Aunque se proclama demócrata, López Obrador ha manifestado su gran admiración por Fidel Castro y el Che, famosos por muchas razones, no por su apego a la democracia. Quizá por eso ha sostenido que la democracia venezolana (donde como opositor estaría preso) es superior a la mexicana (que garantiza su aparición en millones de spots, su libertad para figurar en todos los medios, el financiamiento de su partido, etc..). Y por eso también, ante el reclamo de pronunciarse sobre aquel régimen que —ante los ojos del mundo— oprime a millones de personas al extremo de provocar una gigantesca crisis humanitaria, su respuesta fue: “no conozco a Maduro”. No es una respuesta seria. En su juventud, López Obrador no conoció a Pinochet y, sin embargo, lo repudió. ¿Por qué juzga a ambos dictadores con varas distintas? Porque no es demócrata.
Si sus rasgos antiliberales se han manifestado antes de llegar al poder, ¿qué nos espera si llega a la presidencia? Nada ha hecho más daño a la democracia que la prédica del odio desde el poder. Ese odio que polariza a la sociedad, amplificado por las redes sociales, destruyó a Venezuela y está corroyendo desde las entrañas a la democracia de Estados Unidos. López Obrador está a tiempo de evitar ese desenlace. Bastaría que cesara de hacer escarnio “moral” de la discrepancia y desautorizara el odio y la intolerancia que esparcen muchos de sus fieles. Bastaría que asumiera el ideario liberal.

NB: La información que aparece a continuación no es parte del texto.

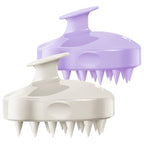 2 Pack Large Scalp Massager Scrubber Shampoo Brush for Hair Growth (Light Beige & Purple)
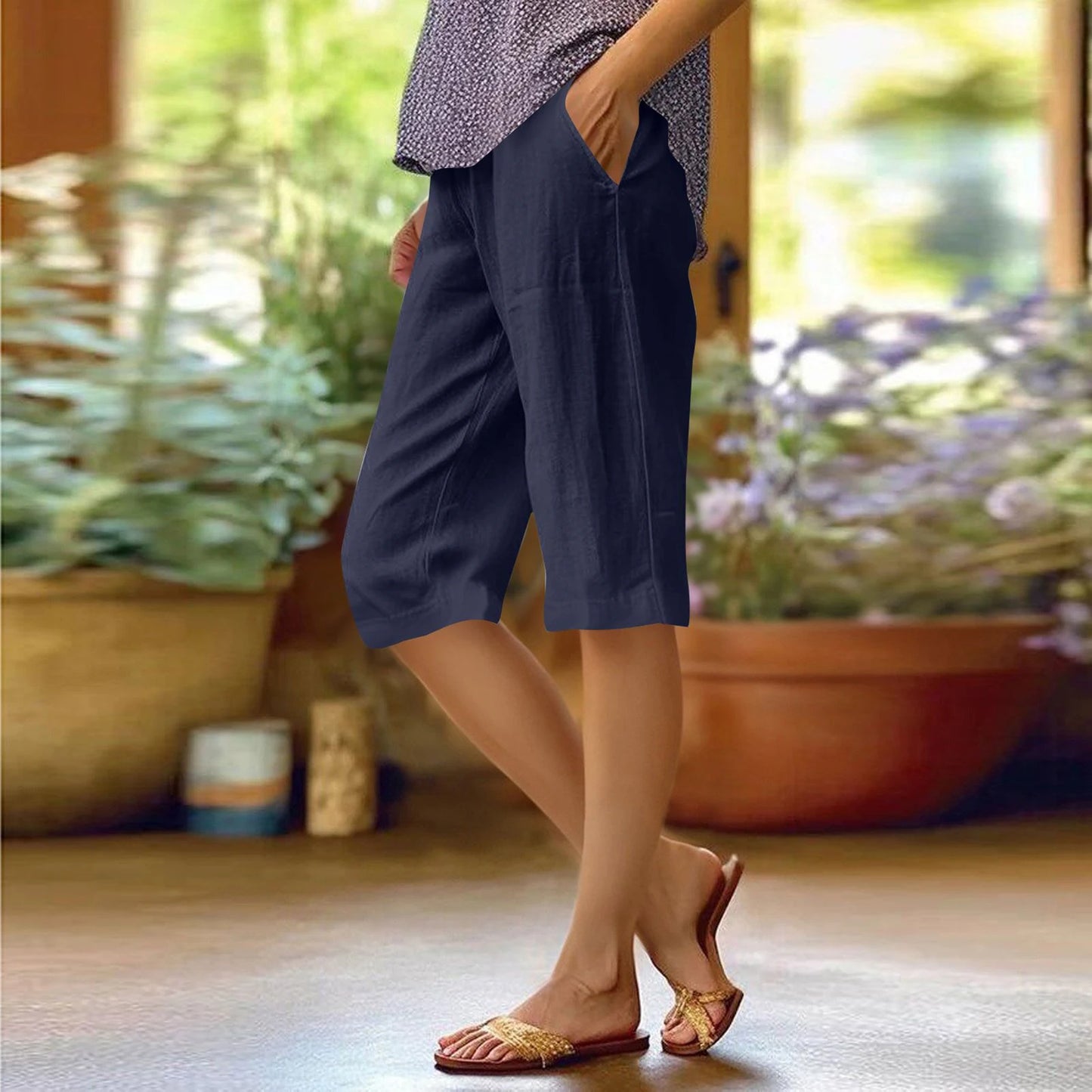 Short Femme Coton Lin Taille Moyenne Large | MDN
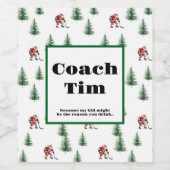 Santa Playing Hockey Coach Lehrer Weihnachtsgesche Weinetikett (Einzelnes Label)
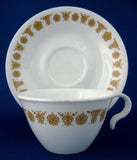 Corelle Butterfly Gold Hook Handle Cup And Saucer Milk Glass 1970s Living Ware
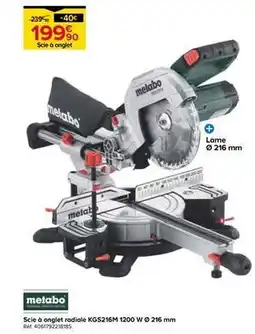 Castorama Metabo - scie à onglet radiale kgs216m 1200w offre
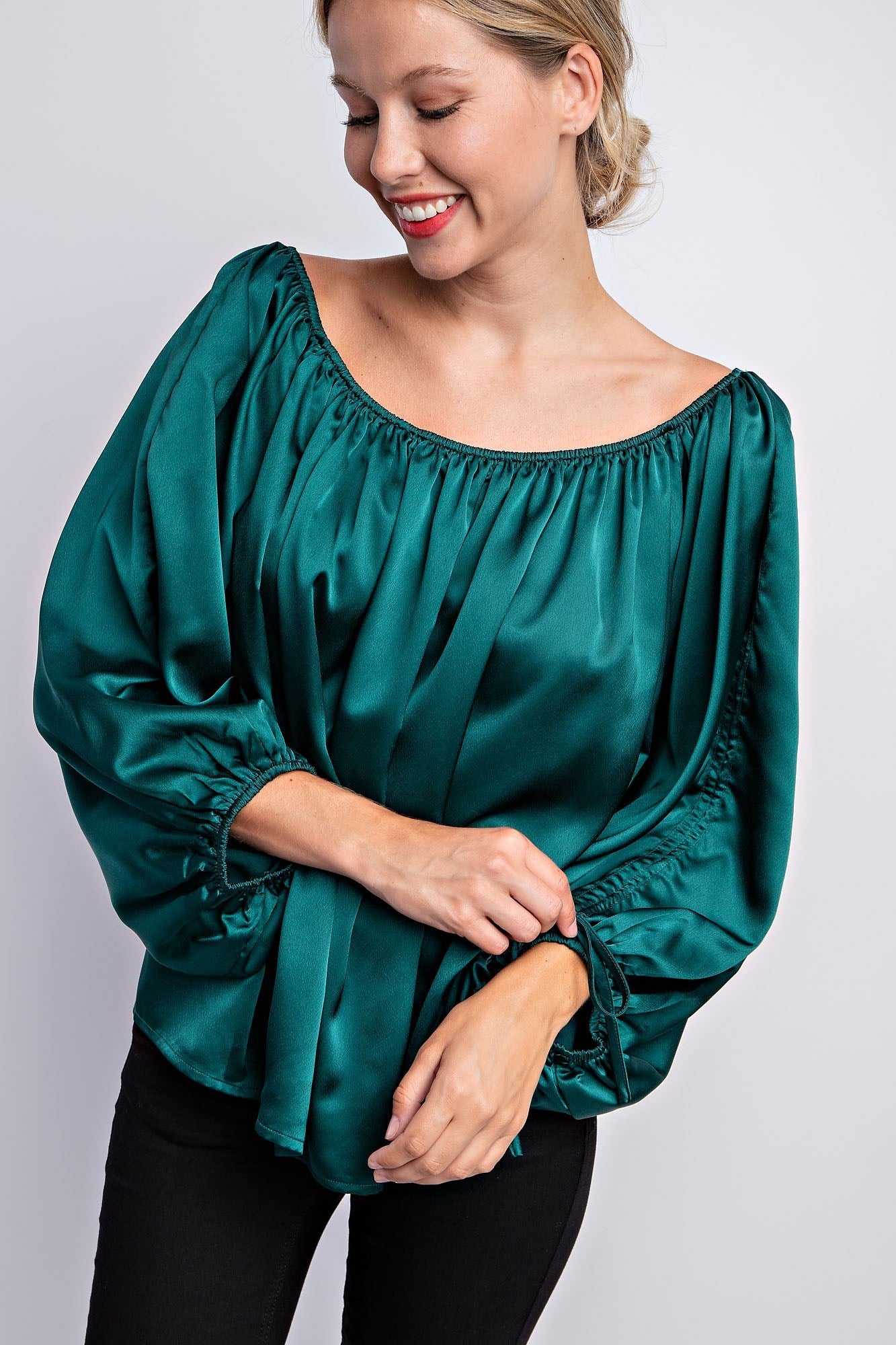 BALLOON SLEEVE OFF THE SHOULDER BLOUSE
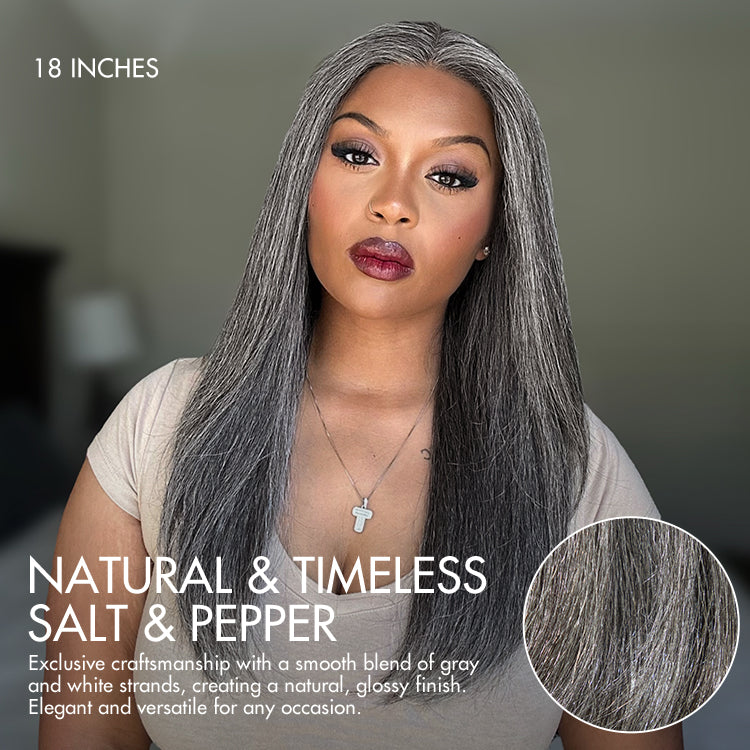 Salt and Pepper Straight Glueless Minimalist HD Lace T Part Grey Wig Pre-Cut Lace-25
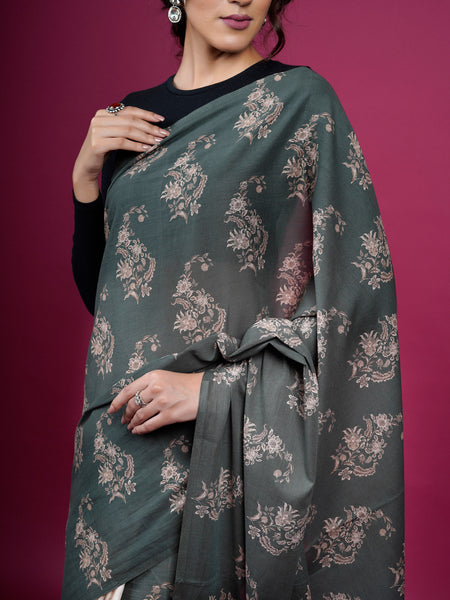 Black Floral Printed Pure Cotton Half And Half Saree Women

Rechacé y rechazo los ataques bajos en contra suya. Si triunfa en las elecciones, defenderé su derecho a poner en práctica su programa social y económico, siempre y cuando lo haga respetando escrupulosamente el marco legal e institucional y el régimen de libertades que sostiene ese hogar común que él, con su prédica, se empeña en dividir, pero que nos pertenece a todos. Ese hogar común que es México.